Organ retention issue deals blow to children's cancer research
Cancer Research UK launches an awareness drive to highlight the need for stored tumour tissue and boost confidence in research practice, as part of Children's Cancer Awareness Month.
In 1998 the UK Children's Study Group (UKCCSG) and its major funder, Cancer Research UK, jointly set up a National Tumour Bank for children's cancer.
After formal permission from parents, samples of tumour tissue - crucial for studying genes and molecules involved in the progression of cancer - were made available to researchers across the country.
But in late 1999, with widespread national coverage of organ retention, numbers of donations began to fall.
Studying tumour tissue is important to identify targets for future anti-cancer drugs or markers for improved diagnosis and tailored treatments. While the tumour bank includes records of medical information relating to the cancer, scientists do not have access to personal information that might allow them to identify a particular child.
But at the press briefing, Dr Kathy Pritchard-Jones, a leading member of the UKCCSG, will reveal that public suspicion and uncertainty saw the number of samples donated fall by nearly half in the six months following the first reporting of the organ retention issue. Donations to the bank continued to fall over the following two years and have only started to creep up again in the last six months.
Dr Pritchard-Jones, Senior Lecturer in Paediatric Oncology at The Institute of Cancer Research, and funded by Cancer Research UK, says: "A National Tumour Bank is essential if we're going to have a joined up strategy for tackling children's cancer.
"When we first set up the tumour bank, we had really high hopes that it would bring children's cancer research in this country forward by strides, so it's very frustrating that donations to the bank have fallen.

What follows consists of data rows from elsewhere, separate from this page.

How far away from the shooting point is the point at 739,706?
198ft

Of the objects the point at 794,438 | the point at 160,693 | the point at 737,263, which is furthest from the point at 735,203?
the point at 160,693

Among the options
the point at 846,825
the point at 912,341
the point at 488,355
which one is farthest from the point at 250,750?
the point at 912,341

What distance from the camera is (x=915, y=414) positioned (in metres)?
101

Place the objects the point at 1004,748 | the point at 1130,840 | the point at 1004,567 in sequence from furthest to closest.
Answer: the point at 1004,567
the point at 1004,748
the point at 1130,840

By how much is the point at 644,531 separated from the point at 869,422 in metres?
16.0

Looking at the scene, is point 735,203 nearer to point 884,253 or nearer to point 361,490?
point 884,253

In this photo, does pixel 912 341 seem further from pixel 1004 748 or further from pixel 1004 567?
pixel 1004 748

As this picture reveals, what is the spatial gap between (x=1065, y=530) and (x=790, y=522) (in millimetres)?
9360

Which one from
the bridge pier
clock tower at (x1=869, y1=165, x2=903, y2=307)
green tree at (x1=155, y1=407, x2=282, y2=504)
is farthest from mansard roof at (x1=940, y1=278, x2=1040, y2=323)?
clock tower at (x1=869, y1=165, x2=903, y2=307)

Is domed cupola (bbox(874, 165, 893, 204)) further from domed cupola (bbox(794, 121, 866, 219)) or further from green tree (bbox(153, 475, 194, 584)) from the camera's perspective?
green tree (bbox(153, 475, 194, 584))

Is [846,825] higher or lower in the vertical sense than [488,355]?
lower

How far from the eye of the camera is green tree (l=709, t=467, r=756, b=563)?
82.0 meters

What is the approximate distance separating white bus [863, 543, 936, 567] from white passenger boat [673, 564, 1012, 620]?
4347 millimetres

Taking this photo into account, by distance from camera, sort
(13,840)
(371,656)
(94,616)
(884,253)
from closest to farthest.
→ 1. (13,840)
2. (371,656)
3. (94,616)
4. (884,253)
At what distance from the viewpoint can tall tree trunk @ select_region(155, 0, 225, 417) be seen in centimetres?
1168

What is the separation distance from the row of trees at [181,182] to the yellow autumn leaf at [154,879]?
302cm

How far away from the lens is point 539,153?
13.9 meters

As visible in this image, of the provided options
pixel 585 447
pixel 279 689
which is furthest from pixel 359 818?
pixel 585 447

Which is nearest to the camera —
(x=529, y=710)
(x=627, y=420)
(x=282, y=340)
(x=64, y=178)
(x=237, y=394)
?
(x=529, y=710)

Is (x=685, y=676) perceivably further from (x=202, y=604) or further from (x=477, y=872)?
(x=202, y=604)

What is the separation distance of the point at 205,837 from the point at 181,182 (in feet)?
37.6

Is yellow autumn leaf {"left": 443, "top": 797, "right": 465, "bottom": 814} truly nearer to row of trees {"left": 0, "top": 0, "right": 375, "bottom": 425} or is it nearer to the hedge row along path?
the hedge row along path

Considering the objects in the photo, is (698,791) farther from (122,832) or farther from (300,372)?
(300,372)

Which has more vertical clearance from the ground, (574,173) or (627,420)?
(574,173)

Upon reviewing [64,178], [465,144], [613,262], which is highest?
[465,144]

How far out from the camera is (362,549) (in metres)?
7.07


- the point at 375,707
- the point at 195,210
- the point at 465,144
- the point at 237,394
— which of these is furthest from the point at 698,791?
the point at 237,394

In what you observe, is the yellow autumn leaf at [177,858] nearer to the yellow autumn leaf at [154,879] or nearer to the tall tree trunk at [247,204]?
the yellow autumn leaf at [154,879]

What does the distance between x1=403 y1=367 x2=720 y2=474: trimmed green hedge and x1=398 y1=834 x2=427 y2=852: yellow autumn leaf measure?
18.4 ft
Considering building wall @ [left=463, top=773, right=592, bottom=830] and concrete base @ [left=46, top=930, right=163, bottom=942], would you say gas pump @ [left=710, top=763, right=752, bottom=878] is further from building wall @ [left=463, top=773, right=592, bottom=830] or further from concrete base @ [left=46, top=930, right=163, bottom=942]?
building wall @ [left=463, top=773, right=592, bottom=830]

"We need an information drive to explain to the public the value to medical progress of keeping the 'left over' bits of tissue removed during operations as part of a patient's treatment. These samples are small, usually less than the size of a sugar lump.
"Of course, the public rightly expects to have more information about what happens in hospital pathology departments, how we ensure that samples are only given to ethically approved research projects and how their personal information is safeguarded.

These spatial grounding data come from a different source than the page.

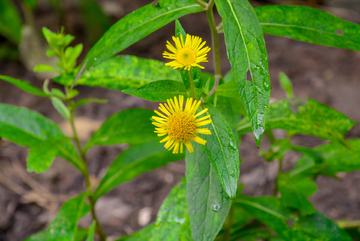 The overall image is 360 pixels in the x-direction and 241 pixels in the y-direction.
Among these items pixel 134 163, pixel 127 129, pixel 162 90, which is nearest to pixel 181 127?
pixel 162 90

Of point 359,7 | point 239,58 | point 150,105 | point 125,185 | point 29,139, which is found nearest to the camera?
point 239,58

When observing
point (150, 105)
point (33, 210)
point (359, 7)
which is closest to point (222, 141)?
point (33, 210)

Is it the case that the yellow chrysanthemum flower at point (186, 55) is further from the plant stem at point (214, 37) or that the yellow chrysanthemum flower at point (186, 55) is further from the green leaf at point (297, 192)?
the green leaf at point (297, 192)

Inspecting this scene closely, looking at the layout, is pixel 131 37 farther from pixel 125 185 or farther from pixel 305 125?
pixel 125 185

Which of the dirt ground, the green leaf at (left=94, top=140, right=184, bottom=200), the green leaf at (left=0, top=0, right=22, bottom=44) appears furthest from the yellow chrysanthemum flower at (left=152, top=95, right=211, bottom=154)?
the green leaf at (left=0, top=0, right=22, bottom=44)

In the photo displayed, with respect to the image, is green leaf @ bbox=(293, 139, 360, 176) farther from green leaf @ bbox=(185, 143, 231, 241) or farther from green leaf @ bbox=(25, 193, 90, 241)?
green leaf @ bbox=(25, 193, 90, 241)

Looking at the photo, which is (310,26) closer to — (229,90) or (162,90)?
(229,90) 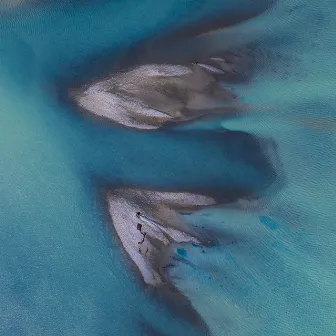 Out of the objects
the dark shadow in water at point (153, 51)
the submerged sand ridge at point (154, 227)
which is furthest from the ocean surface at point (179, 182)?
the submerged sand ridge at point (154, 227)

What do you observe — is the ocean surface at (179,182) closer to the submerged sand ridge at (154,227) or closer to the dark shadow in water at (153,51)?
the dark shadow in water at (153,51)

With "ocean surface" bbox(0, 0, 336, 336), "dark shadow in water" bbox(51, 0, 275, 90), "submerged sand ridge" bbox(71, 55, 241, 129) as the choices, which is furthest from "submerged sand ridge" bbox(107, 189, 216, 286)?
"dark shadow in water" bbox(51, 0, 275, 90)

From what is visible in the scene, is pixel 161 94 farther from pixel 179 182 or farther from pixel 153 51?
pixel 179 182

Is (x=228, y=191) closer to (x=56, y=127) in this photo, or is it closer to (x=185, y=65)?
(x=185, y=65)

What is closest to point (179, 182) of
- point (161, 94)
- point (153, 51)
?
point (161, 94)

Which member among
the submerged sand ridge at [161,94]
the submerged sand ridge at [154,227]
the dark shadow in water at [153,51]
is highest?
the dark shadow in water at [153,51]

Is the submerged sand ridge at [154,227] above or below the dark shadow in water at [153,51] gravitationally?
below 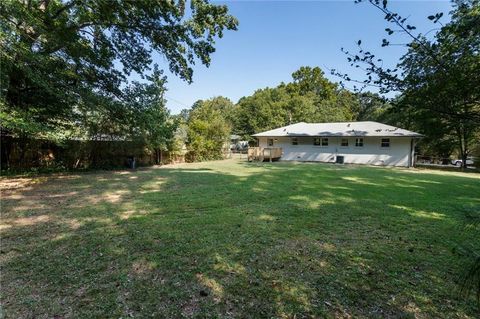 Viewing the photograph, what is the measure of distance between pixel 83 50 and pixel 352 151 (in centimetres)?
1984

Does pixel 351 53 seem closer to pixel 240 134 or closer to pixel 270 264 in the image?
pixel 270 264

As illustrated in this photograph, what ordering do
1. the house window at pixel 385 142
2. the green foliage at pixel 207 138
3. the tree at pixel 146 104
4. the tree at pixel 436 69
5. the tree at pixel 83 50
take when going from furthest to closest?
the green foliage at pixel 207 138 < the house window at pixel 385 142 < the tree at pixel 146 104 < the tree at pixel 83 50 < the tree at pixel 436 69

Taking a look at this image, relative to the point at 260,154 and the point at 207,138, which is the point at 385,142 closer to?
the point at 260,154

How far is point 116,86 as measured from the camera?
36.6 ft

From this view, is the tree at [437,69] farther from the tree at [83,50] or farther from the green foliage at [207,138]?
the green foliage at [207,138]

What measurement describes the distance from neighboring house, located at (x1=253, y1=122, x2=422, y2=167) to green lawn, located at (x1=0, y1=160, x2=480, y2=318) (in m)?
15.2

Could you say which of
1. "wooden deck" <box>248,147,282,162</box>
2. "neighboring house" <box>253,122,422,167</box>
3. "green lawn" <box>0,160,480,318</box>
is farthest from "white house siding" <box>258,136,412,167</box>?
"green lawn" <box>0,160,480,318</box>

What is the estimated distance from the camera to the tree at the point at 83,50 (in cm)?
767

"All this takes time and needs extra staff to do the job properly. This is why many hospitals are still finding difficulties in registering tumour samples with the National Tumour Bank."
Supporting Cancer Research UK's awareness drive is Gillian Page, who was treated for rhabdomyosarcoma at Alder Hey Children's Hospital 10 years ago, during the period that organs were being stored without permission. Gillian, 23, is now a medical student at Liverpool University and has no qualms over the use of stored tumours.

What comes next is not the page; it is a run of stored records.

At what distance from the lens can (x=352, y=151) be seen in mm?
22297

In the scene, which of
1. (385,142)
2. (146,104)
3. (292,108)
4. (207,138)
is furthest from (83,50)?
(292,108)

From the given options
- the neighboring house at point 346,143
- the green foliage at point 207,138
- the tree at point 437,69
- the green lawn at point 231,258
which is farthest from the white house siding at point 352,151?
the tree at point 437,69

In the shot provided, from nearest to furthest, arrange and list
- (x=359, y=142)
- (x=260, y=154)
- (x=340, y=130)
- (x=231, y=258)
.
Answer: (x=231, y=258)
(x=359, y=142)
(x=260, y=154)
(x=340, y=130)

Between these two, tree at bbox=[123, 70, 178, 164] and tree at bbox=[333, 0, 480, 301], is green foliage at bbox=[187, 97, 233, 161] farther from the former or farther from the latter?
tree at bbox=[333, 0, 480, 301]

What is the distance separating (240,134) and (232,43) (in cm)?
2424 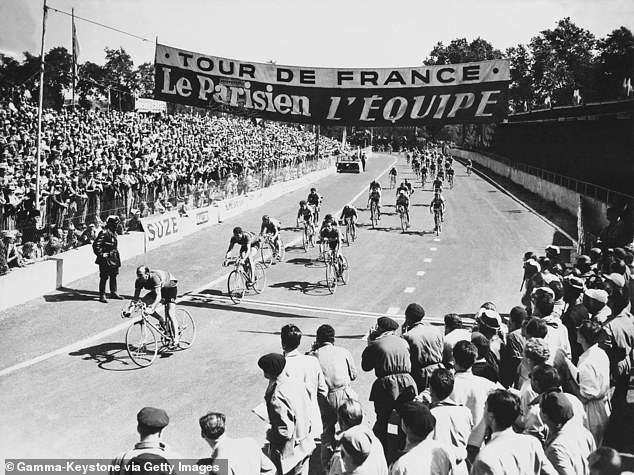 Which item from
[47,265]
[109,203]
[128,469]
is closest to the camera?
[128,469]

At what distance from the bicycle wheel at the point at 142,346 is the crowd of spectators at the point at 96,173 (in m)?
5.47

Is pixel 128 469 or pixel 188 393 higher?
pixel 128 469

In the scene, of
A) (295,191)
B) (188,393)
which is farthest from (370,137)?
(188,393)

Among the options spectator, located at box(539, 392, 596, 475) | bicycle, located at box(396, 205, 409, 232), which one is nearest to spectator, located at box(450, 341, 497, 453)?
spectator, located at box(539, 392, 596, 475)

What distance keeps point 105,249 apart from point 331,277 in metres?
5.90

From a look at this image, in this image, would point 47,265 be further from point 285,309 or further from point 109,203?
point 285,309

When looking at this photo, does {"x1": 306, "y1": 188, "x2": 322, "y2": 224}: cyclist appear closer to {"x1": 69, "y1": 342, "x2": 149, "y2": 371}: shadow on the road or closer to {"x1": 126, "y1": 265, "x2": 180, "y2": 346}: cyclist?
{"x1": 69, "y1": 342, "x2": 149, "y2": 371}: shadow on the road

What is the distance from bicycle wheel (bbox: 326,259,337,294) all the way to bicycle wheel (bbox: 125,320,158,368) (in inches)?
245

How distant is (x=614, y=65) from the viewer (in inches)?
2088


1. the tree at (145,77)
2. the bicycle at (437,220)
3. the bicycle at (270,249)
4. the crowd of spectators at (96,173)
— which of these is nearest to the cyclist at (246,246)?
the bicycle at (270,249)

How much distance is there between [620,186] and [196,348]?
19817mm

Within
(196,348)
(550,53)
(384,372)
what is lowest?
(196,348)

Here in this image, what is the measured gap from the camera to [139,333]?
12.2m

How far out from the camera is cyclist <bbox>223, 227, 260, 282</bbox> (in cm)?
1569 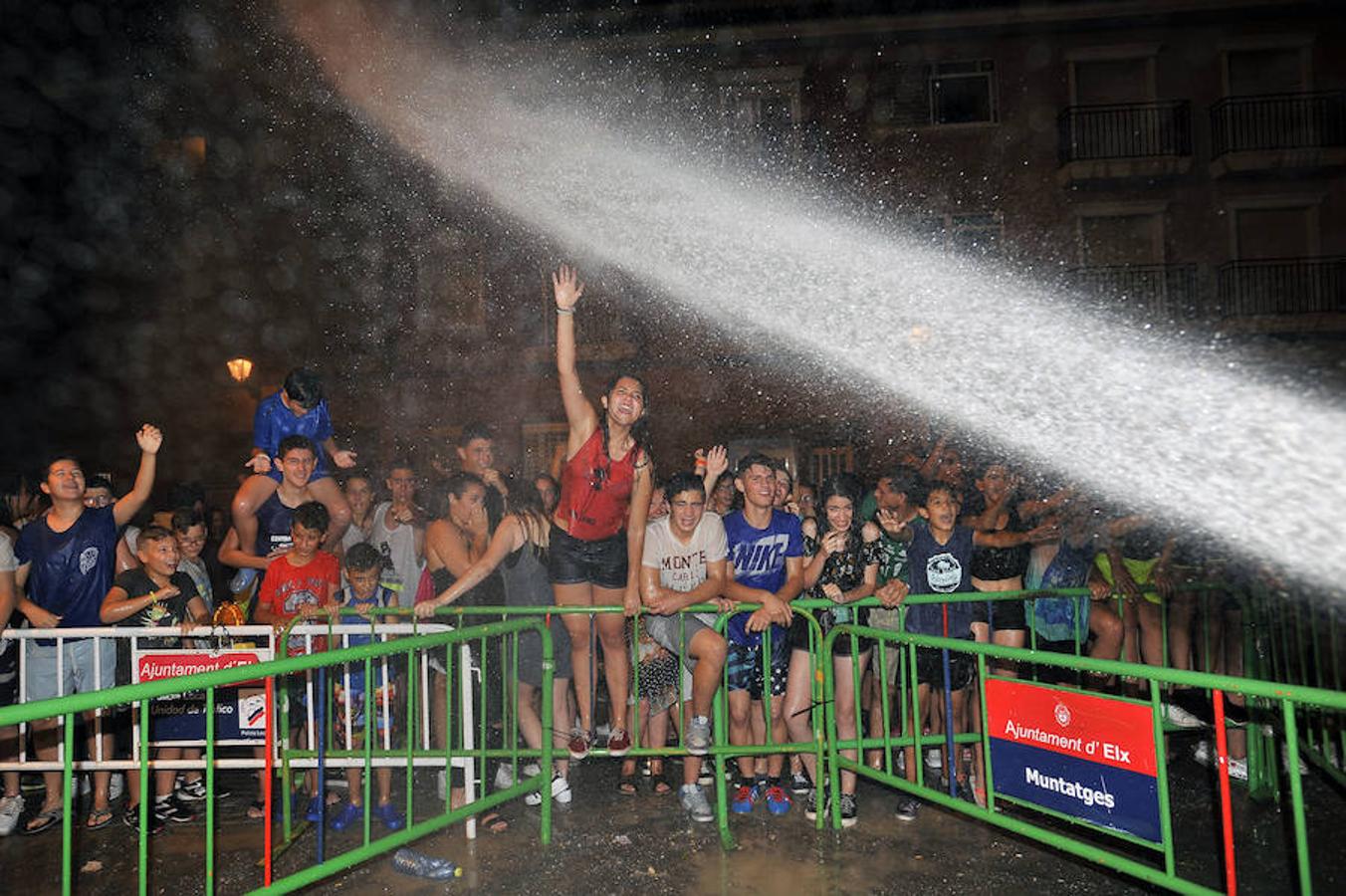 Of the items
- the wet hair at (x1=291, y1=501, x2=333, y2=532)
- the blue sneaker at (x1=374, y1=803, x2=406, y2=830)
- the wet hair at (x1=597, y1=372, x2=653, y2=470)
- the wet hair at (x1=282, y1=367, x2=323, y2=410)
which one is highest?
the wet hair at (x1=282, y1=367, x2=323, y2=410)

She says: "It's essential that this kind of research is carried out and to be honest, the thought of part of my tumour being used for research doesn't bother me at all.
"In fact, I wouldn't even mind if a tumour sample had been taken and used without my knowledge. It was not a part of my body I felt much affection towards."
Dr Richard Sullivan, Cancer Research UK's Head of Clinical Programmes, says: "Nervousness on the part of the public is meaning many fewer tumour specimens are being made available for research than we'd hoped, making it harder and harder for scientists to carry out essential work.
"It is very frustrating that cancers that have been surgically removed for diagnosis and treatment cannot also be used for research because of unfounded fears."